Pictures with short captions
>>
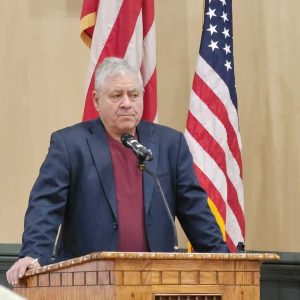 A MISSED OPPORTUNITY: Precinct 10 Town Meeting Member Peter Manoogian said more Saugus students should be benefiting from a $3 million fund to help kids recover from the social and academic setbacks of remote learning. (Saugus Advocate photo by Mark E. Vogler)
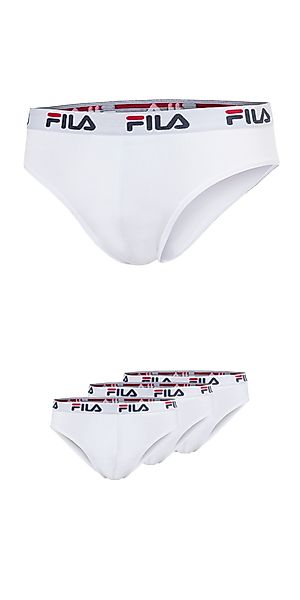 Fila Slip "MAN BRIEF", (3er Pack), mit elastischem Logobund günstig online kaufen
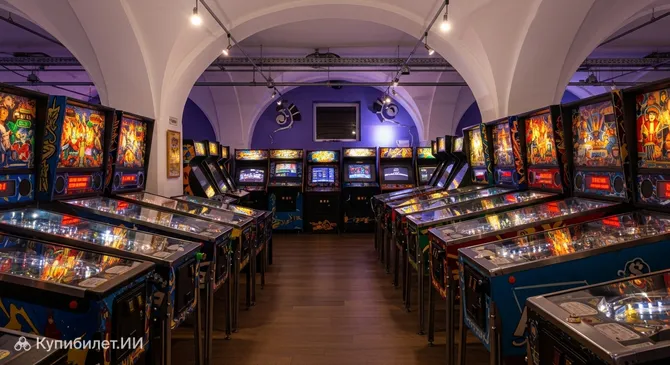 Интерактивный музей пинбола и аркадных игр в Катовице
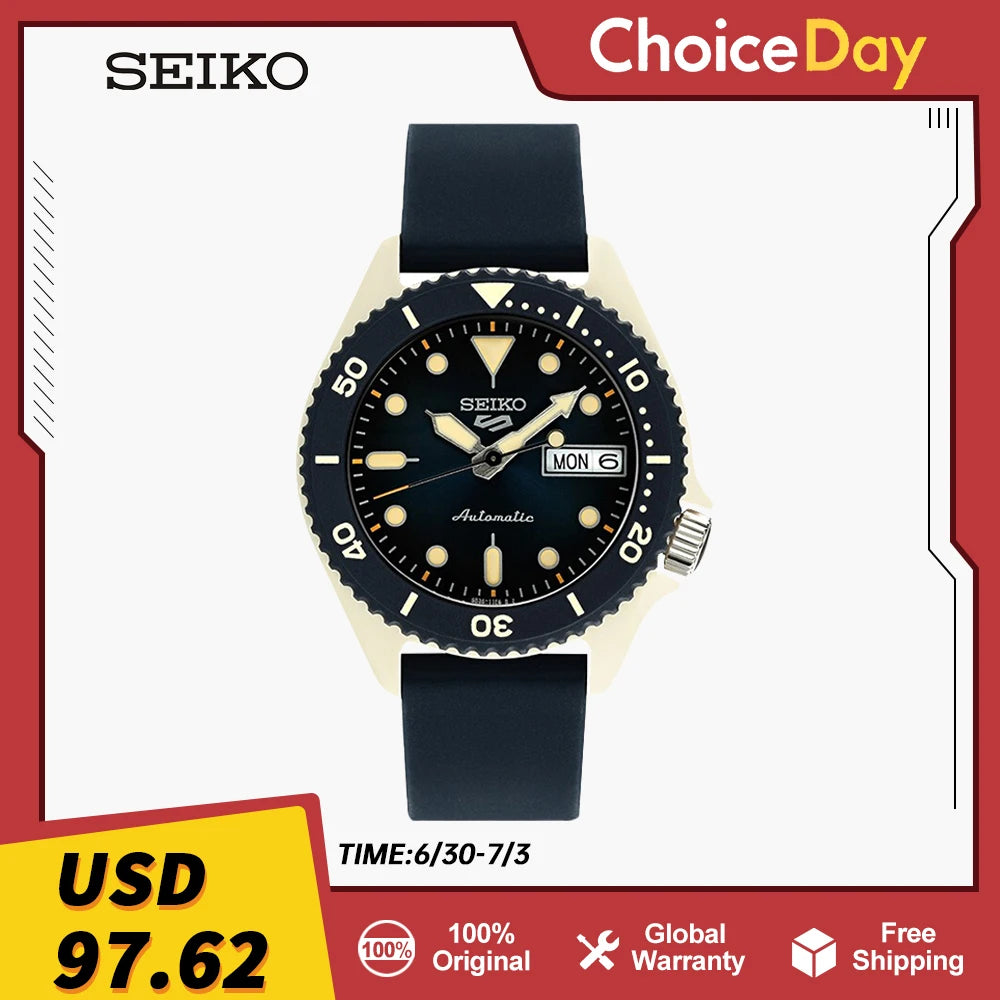 Original SEIKO 5 Watch For Men Automatic Mechanical.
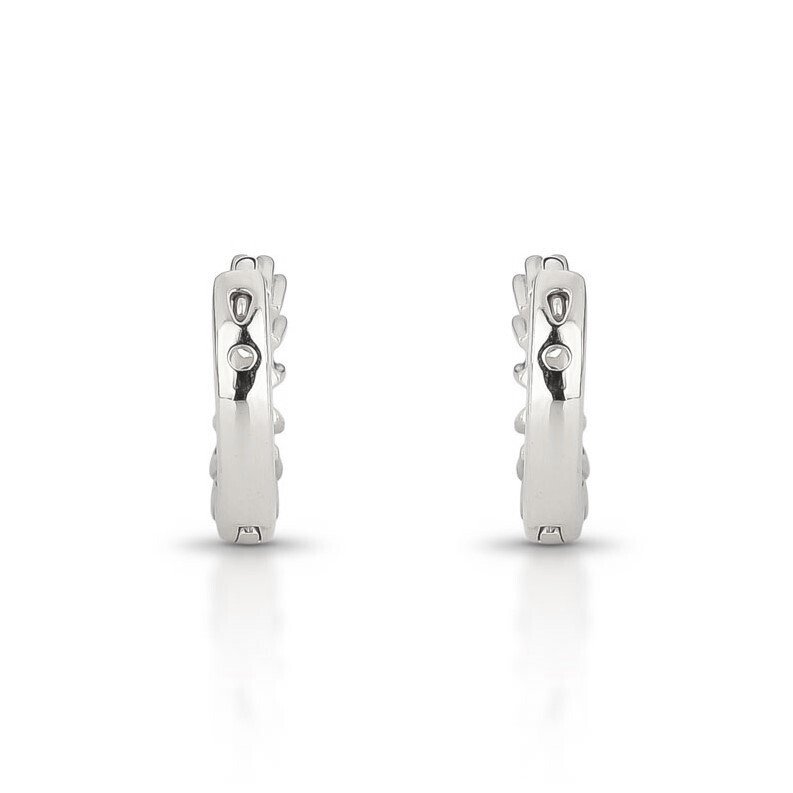 Nincs minimálár - Drop fülbevaló - 14 kt. Fehér arany - 0.24ct. tw. Gyémánt (Természetes) - 802715 #4.3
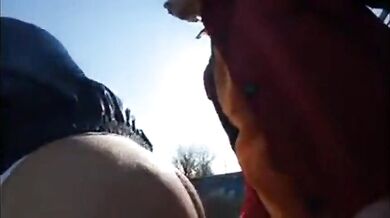 Scopata senza preservativo all'aperto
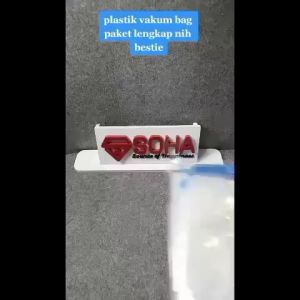 VB-01 FREE 1 Pompa dan 12 Pcs Bag Plastik Vacuum Bag Untuk Pakaian Kualitas Bagus dan Lengkap / Baju Storage Bag Dengan Valve Transparan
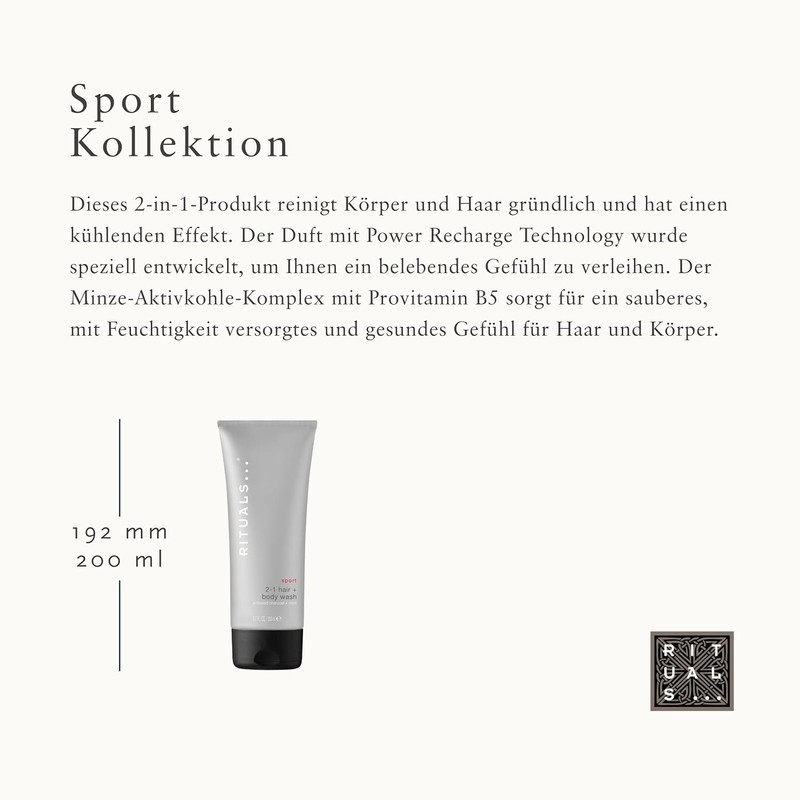 RITUALS Sport 2-in-1 Hair + Body Wash, 200 ml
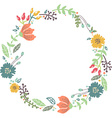color floral frame for wedding invitation design vector image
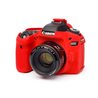 Custodia EasyCover camera case in silicone morbido protezione per Canon 80D Rosso
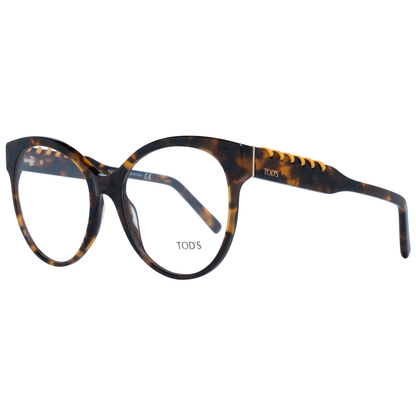 Gafas de mujer Tod's Chic Brown Round con montura completa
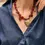 Thumbnail: Collier  pierres rouges MANOLI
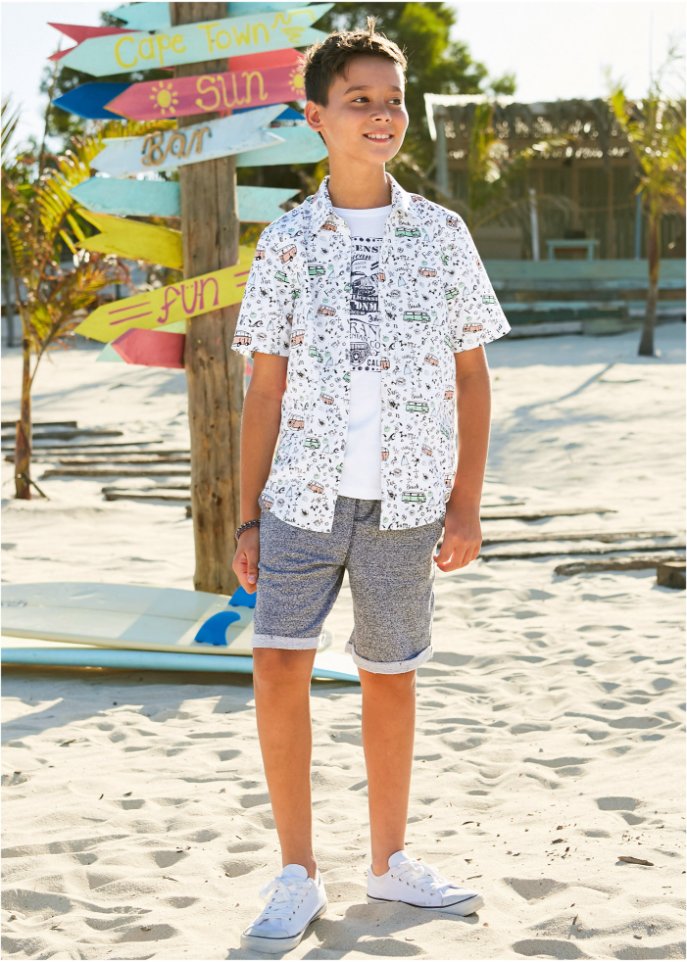 Jungen Bermuda in Denimoptik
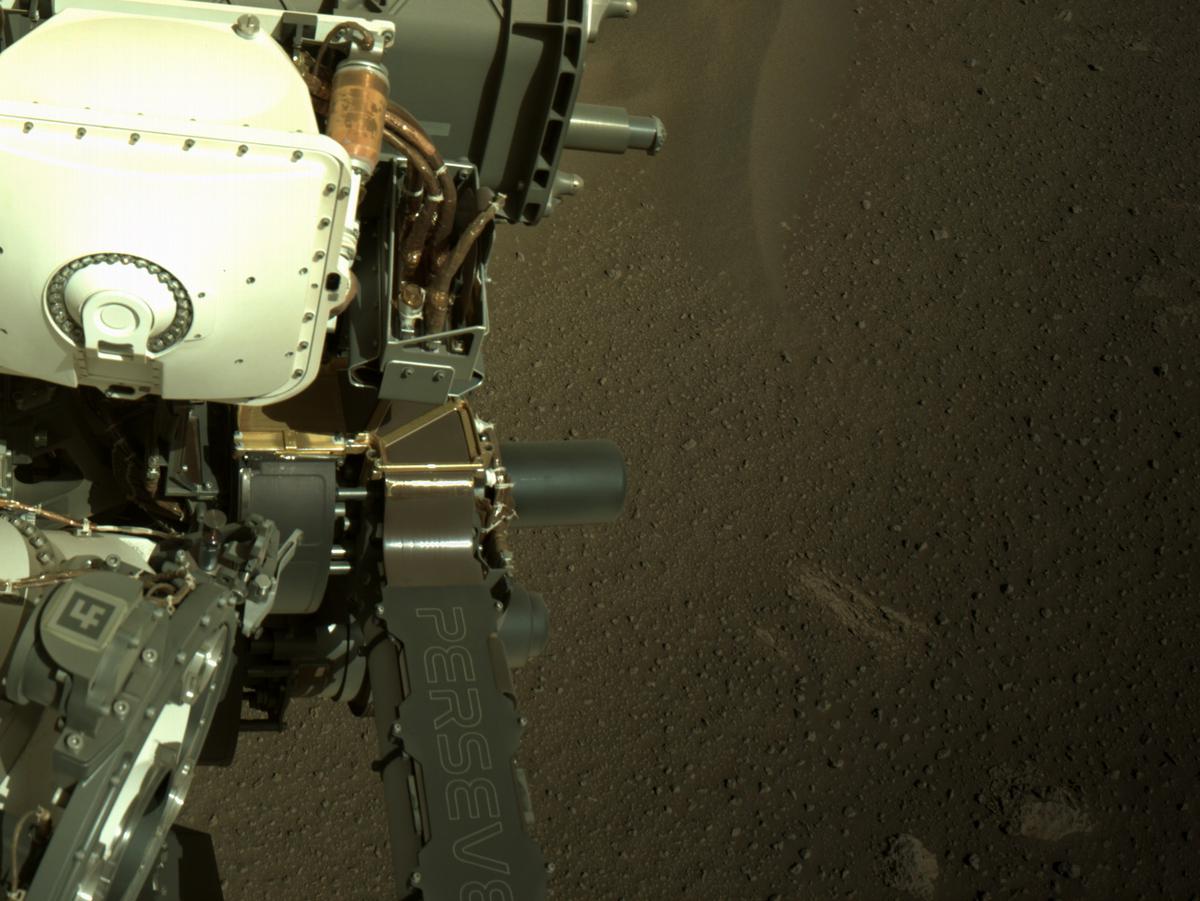This image was taken by NAVCAM_RIGHT onboard NASA's Mars rover Perseverance on Sol 105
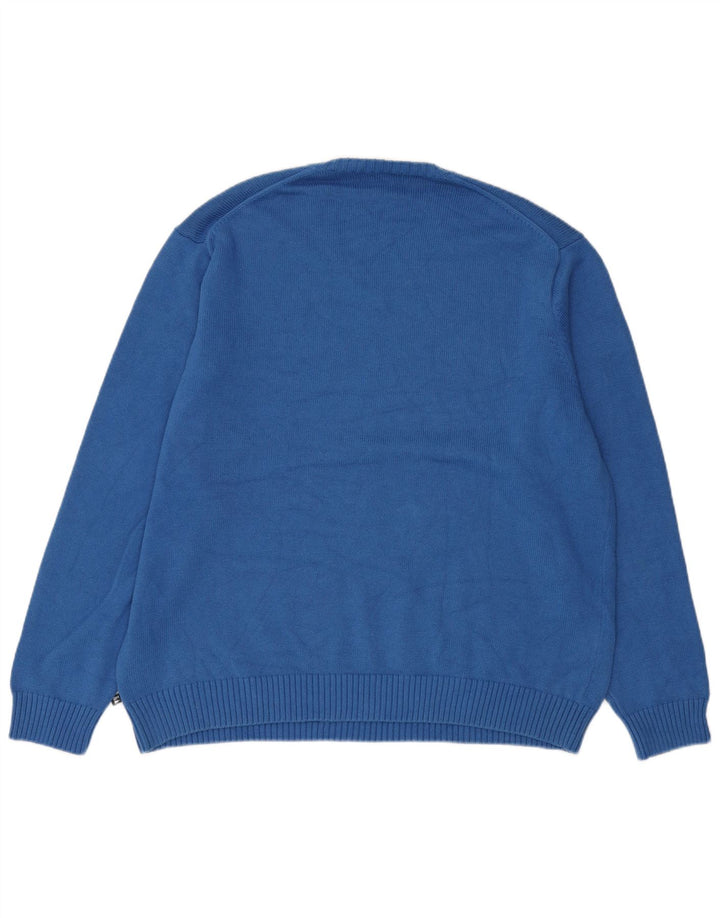 Maglione da uomo con scollo a V blu Harbour Marks & Spencer 2XL cotone blu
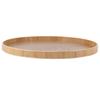 Round Shape Solid Wood Tea Coffee Snack Food Meals Serving Tray Plate Restaurant Trays Wooden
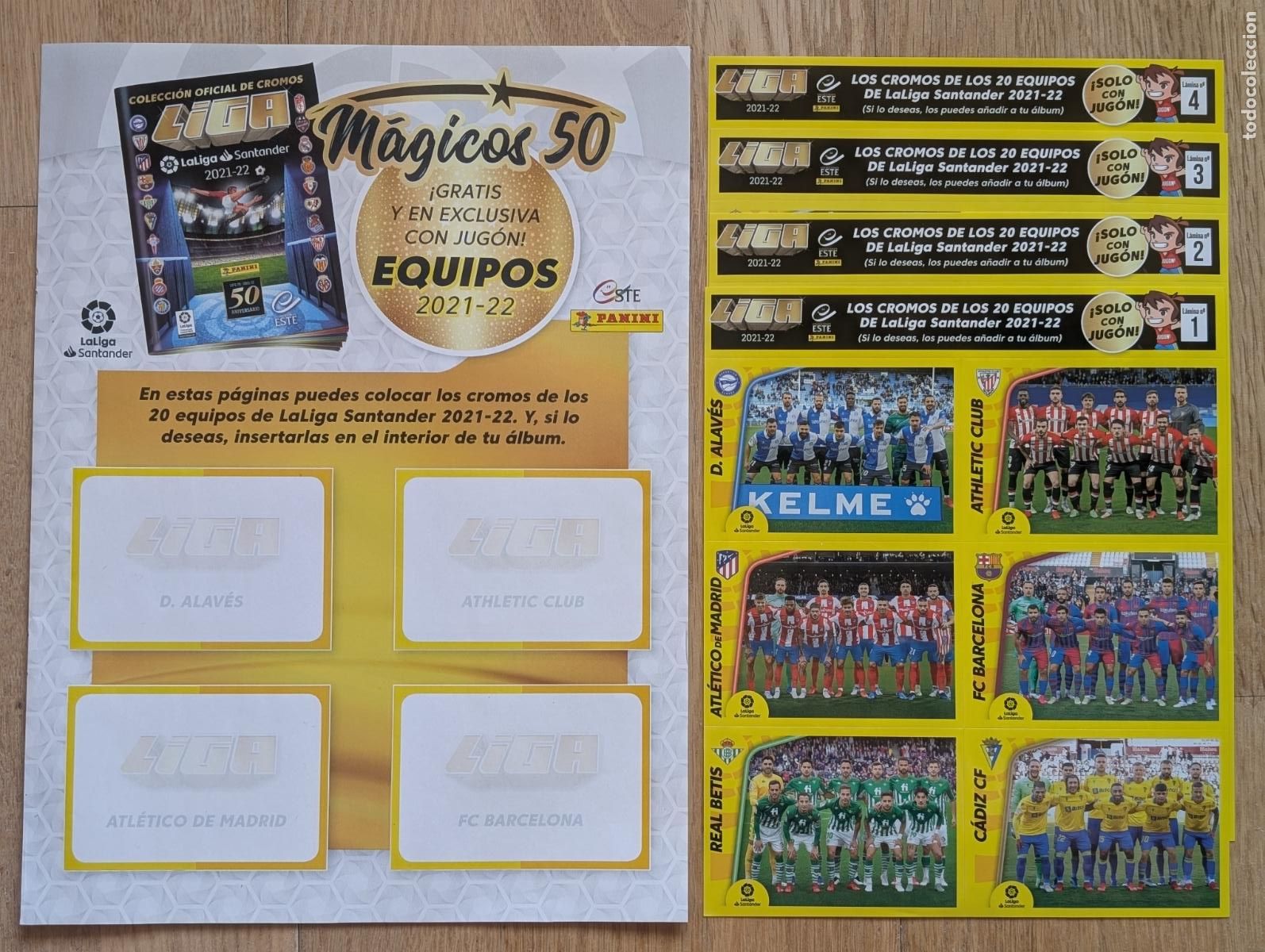Cromos de f&uacute;tbol: EDICIONES ESTE (PANINI) 21/22 2021/2022 - LOS 20 EQUIPOS DE LA LIGA (ALINEACIONES) ACTUALIZACION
<<
=== DESCRIPTION OF THE TASK ===
Starting at the line that contains "günstig online kaufen", retype each line through the end of the data exactly, and leave out every picture.

=== ANSWER TO THE EXERCISE ===
 Fila Slip "MAN BRIEF", (3er Pack), mit elastischem Logobund günstig online kaufen
 Интерактивный музей пинбола и аркадных игр в Катовице
 Original SEIKO 5 Watch For Men Automatic Mechanical.
 Nincs minimálár - Drop fülbevaló - 14 kt. Fehér arany - 0.24ct. tw. Gyémánt (Természetes) - 802715 #4.3
 Scopata senza preservativo all'aperto
 VB-01 FREE 1 Pompa dan 12 Pcs Bag Plastik Vacuum Bag Untuk Pakaian Kualitas Bagus dan Lengkap / Baju Storage Bag Dengan Valve Transparan
 RITUALS Sport 2-in-1 Hair + Body Wash, 200 ml
color floral frame for wedding invitation design vector image
 Custodia EasyCover camera case in silicone morbido protezione per Canon 80D Rosso
 Gafas de mujer Tod's Chic Brown Round con montura completa
 Thumbnail: Collier  pierres rouges MANOLI
 Jungen Bermuda in Denimoptik
This image was taken by NAVCAM_RIGHT onboard NASA's Mars rover Perseverance on Sol 105
 Maglione da uomo con scollo a V blu Harbour Marks & Spencer 2XL cotone blu
 Round Shape Solid Wood Tea Coffee Snack Food Meals Serving Tray Plate Restaurant Trays Wooden
Cromos de f&uacute;tbol: EDICIONES ESTE (PANINI) 21/22 2021/2022 - LOS 20 EQUIPOS DE LA LIGA (ALINEACIONES) ACTUALIZACION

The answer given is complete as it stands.